水俣病特措法訴訟 鹿児島・熊本の原告全員の請求棄却 熊本地裁

「不当判決」と書かれた紙を掲げる弁護士ら=22日午前11時4分、熊本市の熊本地裁前

 水俣病特別措置法に基づく救済の対象から外れた鹿児島、熊本両県在住者ら144人が国と熊本県、原因企業チッソに1人当たり450万円の損害賠償を求めた集団訴訟(熊本訴訟)の判決で、熊本地裁(品川英基裁判長)は22日、原告全員の請求を棄却した。

 特措法の救済対象外とされた計1700人超の原告が全国で起こした集団訴訟で2件目の判決。
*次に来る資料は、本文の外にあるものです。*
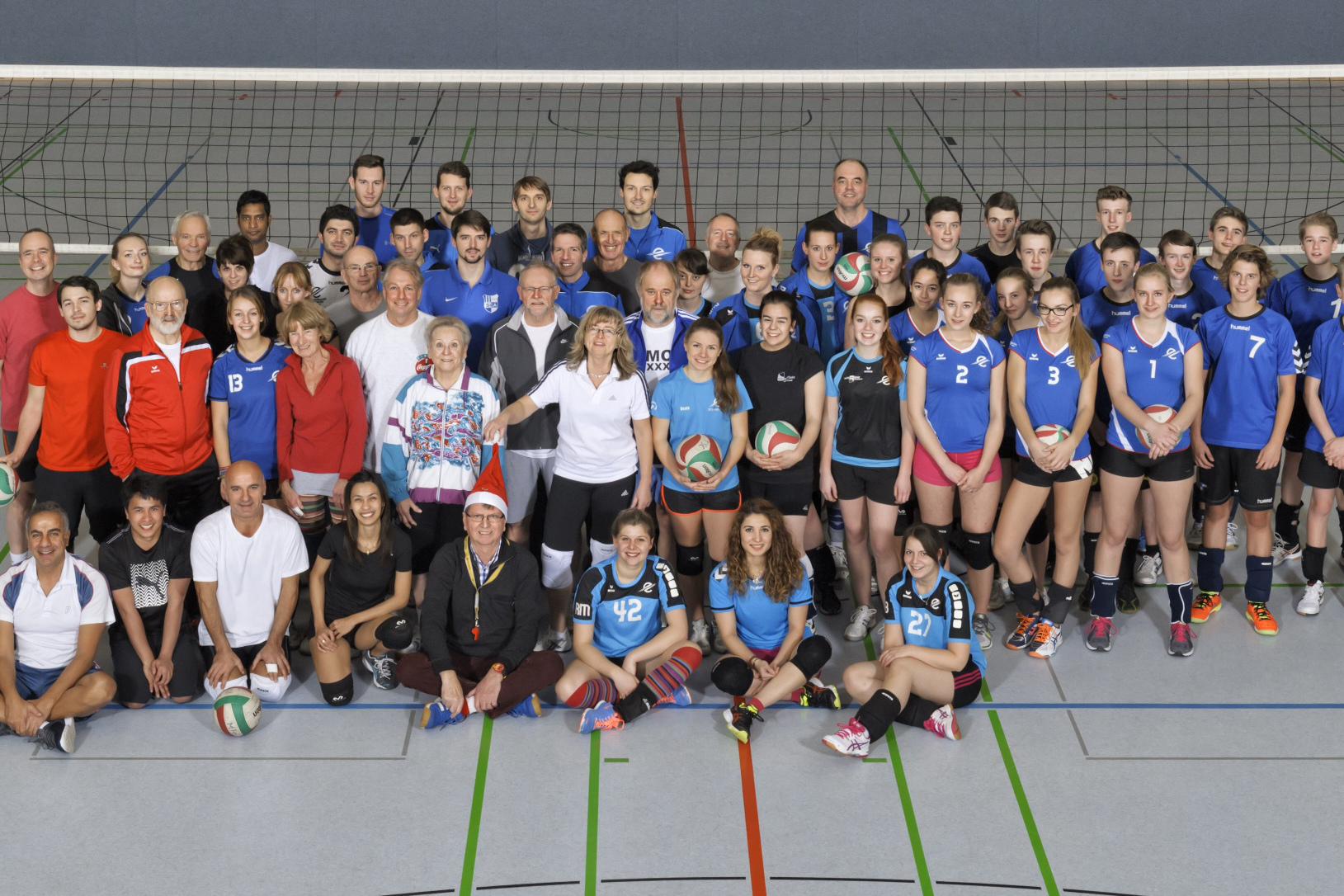 Gruppenfoto von Volleyballspielern in blauen und weißen Trikots, zusammen mit Trainern in einer Sporthalle.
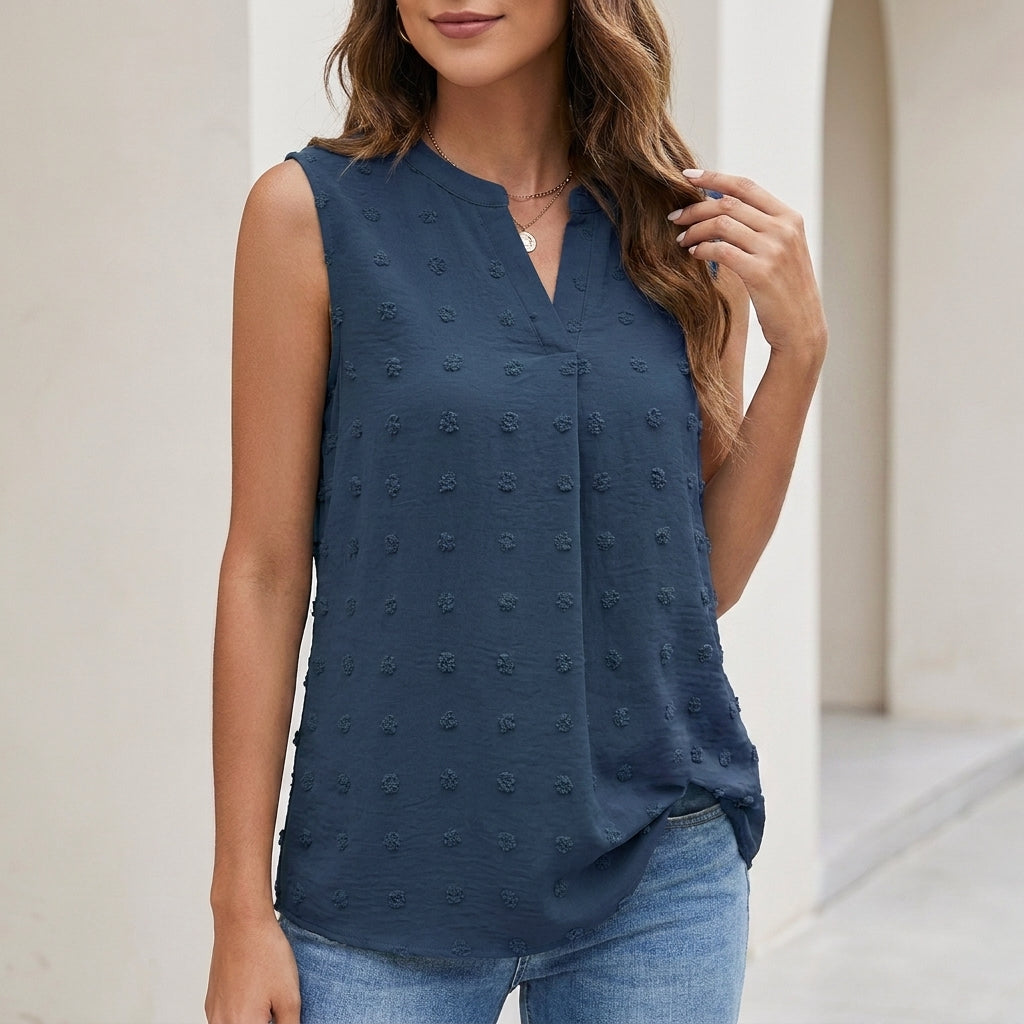 Dark blue sleeveless textured blouse with V-neck and button front
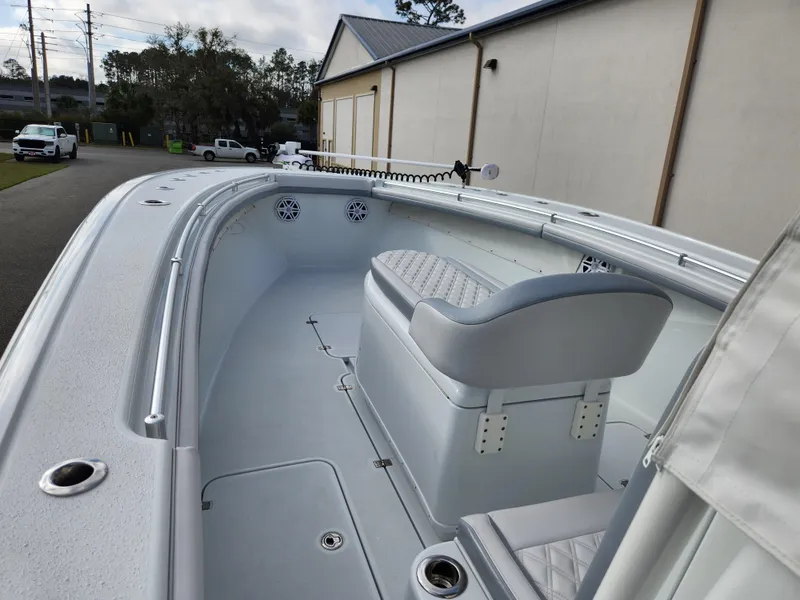 Slide: The Image of 2017 Yellowfin 34 Offshore boat interior with seating and storage compartments. - 43
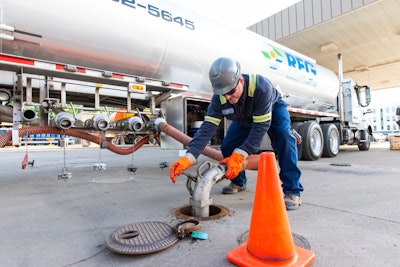 man adding fuel to truck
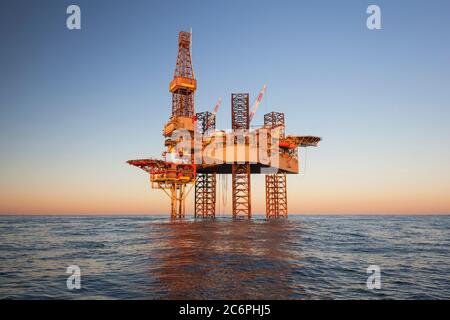 Installazione offshore in mezzo al mare al tramonto Foto Stock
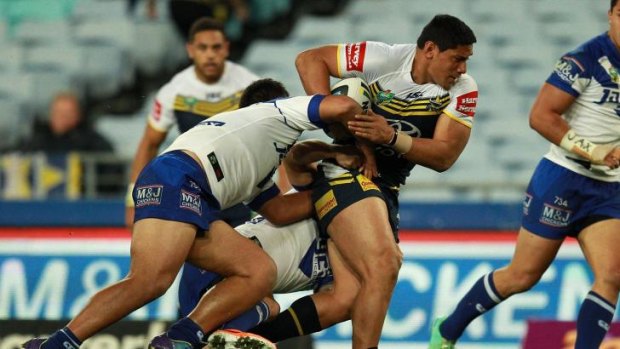 Giddy up: Jason Taumalolo carts the ball up for the Cowboys against Canterbury.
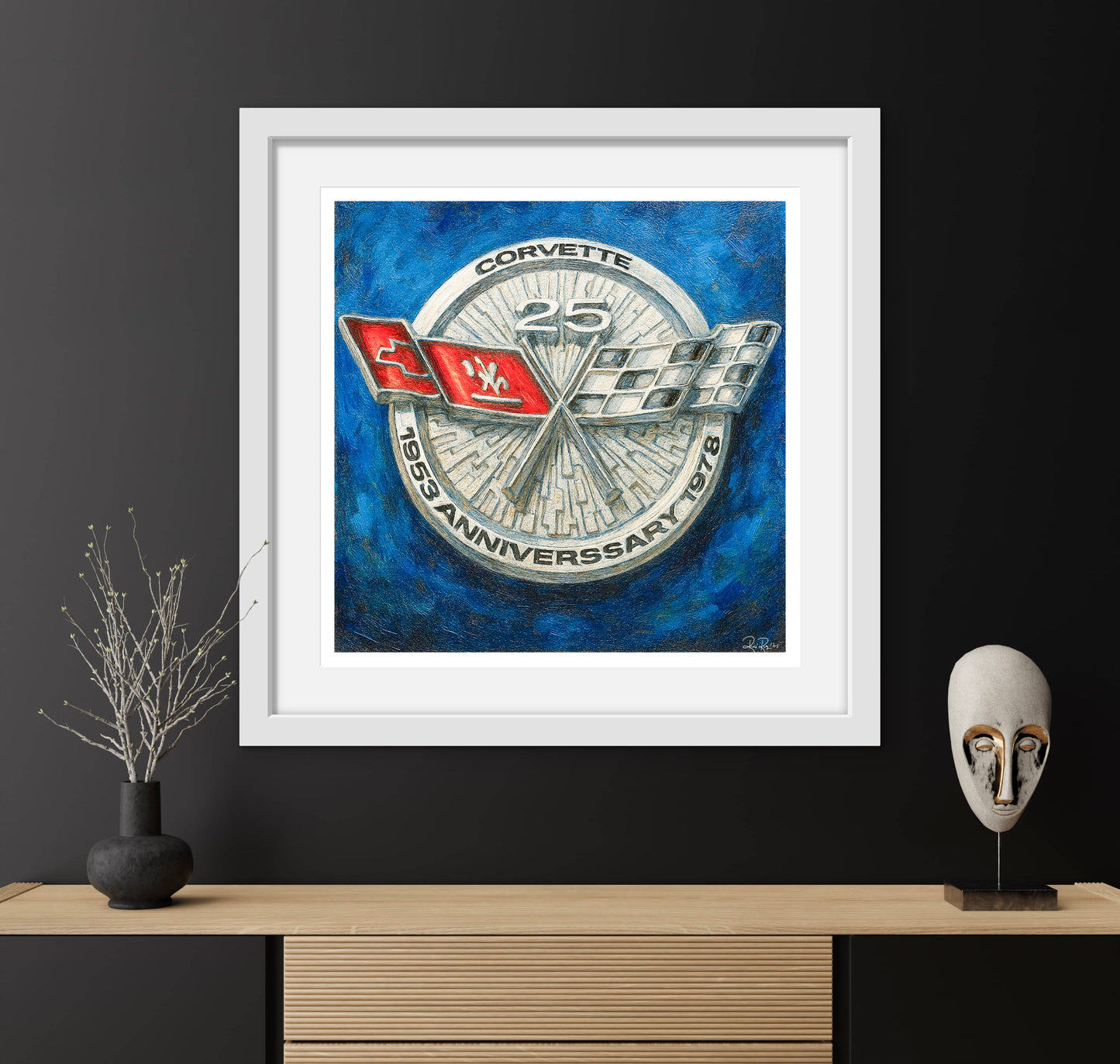 Framed artwork of a Corvette logo on a blue background, displayed on a wooden shelf with decorative items.
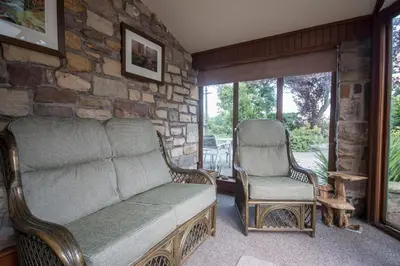 a living room with a couch and two chairs at Stanley Lodge Farmhouse in Cockerham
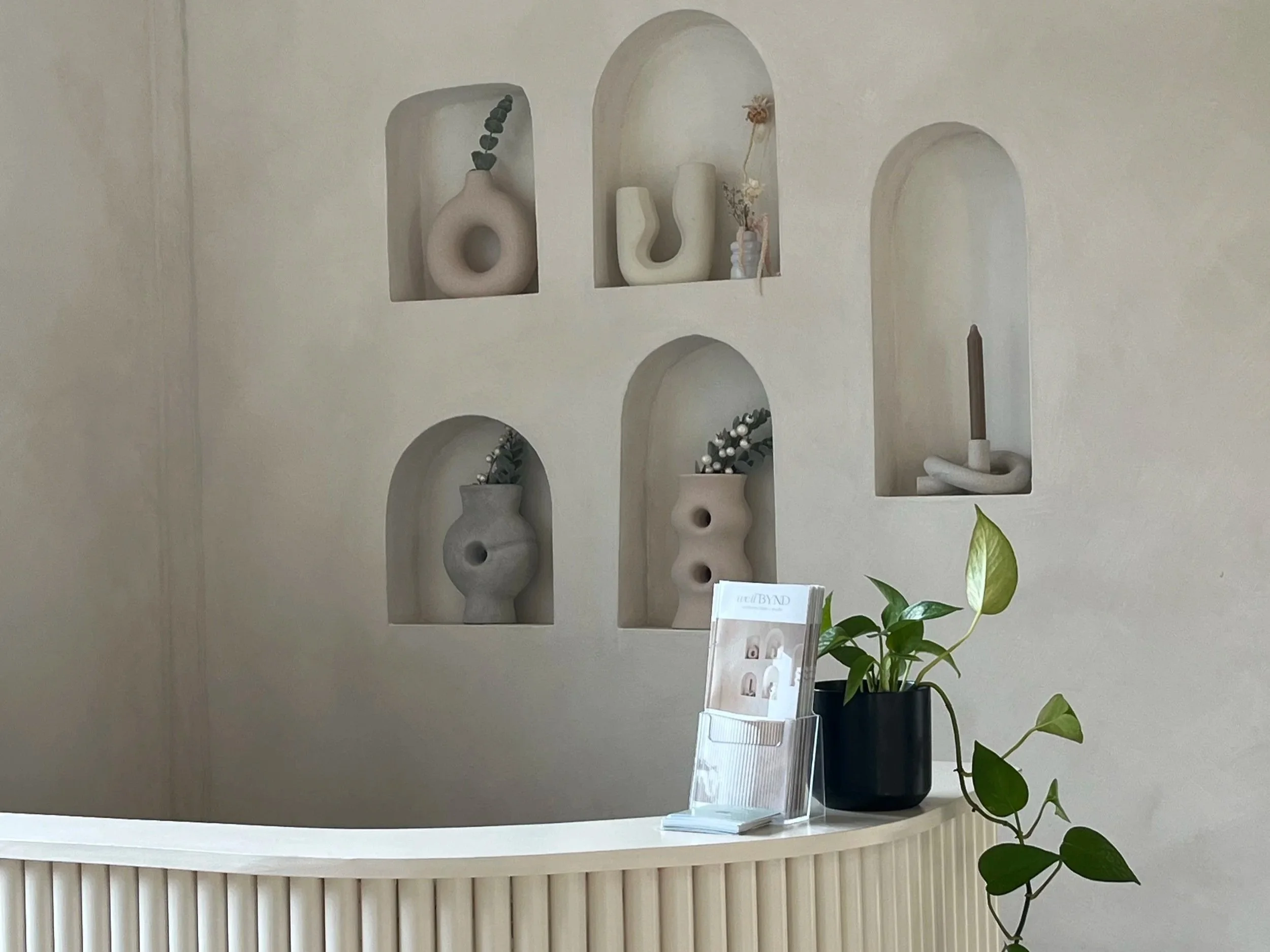A white curved display shelf with five alcoves, holding modern decorative vases and a small dried flower arrangement, against a neutral wall. There is a potted green plant on a white surface in the foreground.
昨年9月の大阪地裁判決は原告全員を水俣病と認めて賠償を命じており、今回の司法判断が注目されていた。

 2009年施行の同法は、水俣病認定患者でなくても、手足のしびれなど一定の症状があれば一時金の支給などを定めた。しかし居住地域や出生年などで対象を線引きするなどしたため、原告側は不当と訴えていた。

 熊本訴訟の原告は51〜100歳の男女1400人で、半数以上が出水市や長島町など鹿児島県内に暮らす。今回の判決の対象は原告の1、2陣。不知火海(八代海)周辺で生まれ育ち、チッソが排出したメチル水銀に汚染された魚介類を日常的に食べ、水俣病を発症したと主張した。